The goal of this work was to compare the levels of secondary metabolites produced by A. terreus ATCC 20542 in the mono- and co-cultures under submerged conditions. Several strategies of fungal co-culture initiation were suggested to systematically evaluate the biosynthetic capabilities of the investigated strain.
Materials and methods
Experimental approach
The co-cultures were started in accordance with six different approaches, which are schematically depicted in Fig. 1 as “Experiments 1–6.” In this diverse set, most of the proposed designs assumed “equal chances” with respect to the development stage and age of the contacted strains, i.e., spores of A. terreus versus spores of the fungal partner, 24-h mycelium versus 24-h mycelium or 72-h mycelium versus 72-h mycelium (Fig. 1). An exception was the confrontation between the spores of A. terreus and 24-h mycelium of the partner (and vice versa). Regarding the duration of co-cultivation runs, the following approach was suggested: each co-culture would last 168 h starting from the moment of introducing A. terreus into the production medium. This explains why the co-cultivation was continued for 168 (Fig. 1a, b, d, e), 144 (Fig. 1c, e), or 96 h (Fig. 1f) depending on the experiment.

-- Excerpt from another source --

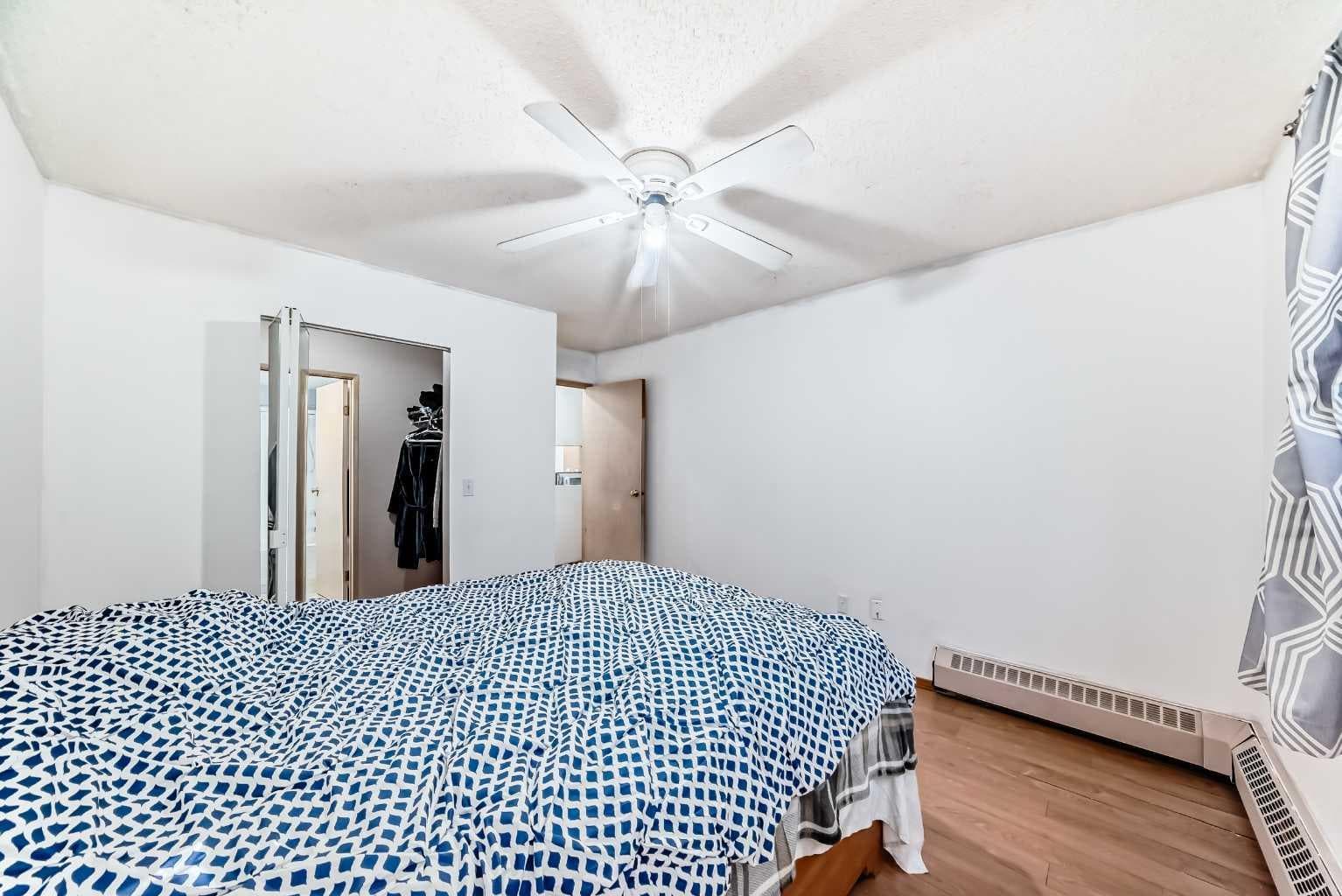 105, 21 Dover Point SE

In the liquid co-culture, the levels of A. terreus metabolites were expected to be influenced both by the presence of a specific co-culture partner and by the quantity of fungal cells present in the medium. To provide a comparative perspective, the conducted experiments included the A. terreus control variants (monocultures) that differed in terms of volumes, spore numbers, or inoculum loads (Fig. 1). The goal was to compare the effects of quantitative bioprocess–related manipulations involving exclusively A. terreus (grown in monocultures) with the outcomes of confrontations with different fungal strains.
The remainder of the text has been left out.